Steve Lofts
Name
Steve G. Lofts
Department
Philosophy and Religious Studies
Program
Philosophy
Courses taught
1901E Foundation Year in the Humanities
2206X Introduction to Modern and Post-Modern
Advanced seminars and Graduate courses on European Philosophy, e.g. Bataille, Cassirer, Lacan, Levinas, Heidegger, Nietzsche etc.
Area of research
Transcendental philosophy, philosophy of culture, ontology, phenomenology, structuralism and post-Structuralism
Current research projects
In 1929, Cassirer and Heidegger met in Davos, Switzerland. The Davos encounter was much more than an ivory-tower debate about the proper interpretation of Kant (the central theme of the conference), and more than a confrontation between Germany's two most important thinkers: it was a clash between two antithetical conceptions of philosophy and of human nature. Cassirer defended the humanistic tradition reaching back through Humboldt and Kant to Pico; Heidegger pointed the way to the new anti-humanistic tradition to come. Thus, many justifiably see the Davos debate as a paradigmatic event of its times and a watershed in European intellectual history. Many believe that the renewed interest in the Davos debate is motivated by a growing sense that philosophy is in a state of crisis and that it is necessary to return to the historical debates out of which both the analytic and continental philosophical traditions grew. Here, we can cite the works of Friedman's A Parting of the Ways: Carnap, Cassirer, and Heidegger (2000); Skidelsky's Ernst Cassirer: The Last Philosopher of Culture (2008); and Gordon's Continental Divide: Heidegger, Cassirer, Davos (2010). Each of these works focuses almost exclusively on the Davos meeting between Cassirer and Heidegger.
My project revisits the relation between Cassirer's and Heidegger's philosophical projects, arguing that their intellectual engagement was more extensive and profound than has been recognized. On an historical level, my project will argue that Cassirer and Heidegger exerted considerable influence on each other, in terms of both the content and the trajectory of their philosophical works. Their exchange can be traced from their first encounter in 1923 at a meeting of the Kant Society in Hamburg, through their pre-1929 seminal works and into their post-1930 works, after what has been called, in scholarship about both Heidegger and Cassirer, their 'turn.'
On the more important systematic level, my research will focus on the claim that, despite their significant philosophical differences, Cassirer and Heidegger recognized a productive interconnection between their respective projects. In other words, Heidegger's fundamental ontology and his existential analytic of Da-sein, and Cassirer's morphology of symbolic forms and his transcendental analytic of the animal symbolicum were---in the minds of their authors---connected. Friedman, Skidelsky and Gordon each demonstrate that Cassirer and Heidegger must be situated in the context of debates that were taking place in the early twentieth century. However, they do so primarily as historians of ideas and do not enter per se into the philosophical issues at stake in these debates.
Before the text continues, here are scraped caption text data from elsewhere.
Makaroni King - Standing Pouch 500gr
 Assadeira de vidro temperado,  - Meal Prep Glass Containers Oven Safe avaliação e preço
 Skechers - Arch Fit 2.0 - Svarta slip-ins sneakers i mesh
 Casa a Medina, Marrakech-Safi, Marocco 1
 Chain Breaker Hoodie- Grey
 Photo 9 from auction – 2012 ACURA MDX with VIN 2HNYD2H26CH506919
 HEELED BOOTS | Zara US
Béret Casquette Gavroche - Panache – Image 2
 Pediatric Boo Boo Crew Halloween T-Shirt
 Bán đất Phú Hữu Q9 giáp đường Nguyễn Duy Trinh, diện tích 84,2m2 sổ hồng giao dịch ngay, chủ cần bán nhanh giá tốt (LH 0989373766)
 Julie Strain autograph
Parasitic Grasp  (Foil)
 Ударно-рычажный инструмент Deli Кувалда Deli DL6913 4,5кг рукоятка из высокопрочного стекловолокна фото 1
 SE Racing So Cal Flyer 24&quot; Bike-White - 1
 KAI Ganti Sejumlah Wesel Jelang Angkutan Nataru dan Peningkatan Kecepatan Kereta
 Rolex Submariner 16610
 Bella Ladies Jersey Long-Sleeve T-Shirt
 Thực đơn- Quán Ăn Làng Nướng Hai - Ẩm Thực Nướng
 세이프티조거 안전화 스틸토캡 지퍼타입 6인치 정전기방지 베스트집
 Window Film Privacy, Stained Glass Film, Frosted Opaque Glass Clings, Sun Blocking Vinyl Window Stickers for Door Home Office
My work will pick up where these works leave off, investigating the philosophical issues that unite and divide Cassirer's and Heidegger's respective projects. More specifically, I will situate each thinker's project at the heart of the debate surrounding the nature of the human sciences that took place at the beginning of the twentieth century. As such, Cassirer's human-centred transcendental theory of the hermeneutical horizons of culture and Heidegger's anti-humanistic hermeneutical theory of existence seek to rethink what it means to be human in a post-metaphysical framework. This project of rethinking the human unites such diverse thinkers as Adorno, Horkheimer, Arendt, Levinas, Bataille, Lacan, Foucault, and Derrida.
My work will argue that the general framework in which these diverse thinkers work was established in the encounter between Cassirer and Heidegger. This project will be of interest to Cassirer and Heidegger scholars, to those interested in the history of philosophy, and to anyone concerned with the rethinking of what it means to be human.
Why I like working at King's
I enjoy the people and the students and the fact that research and teaching not only coexist but inform each other.
My interests outside of King's
I have been and continue to be very active in sports: scuba diving (certified diver by 9, instructor at 12), rugby, football, bike racing, and marathon running. Currently, I try to swim 3 to 4K each morning. I also have very eclectic tastes in music including opera, literature, and art, but have a particular affinity for great architecture, abstract art, and currently the poetry of hip hop.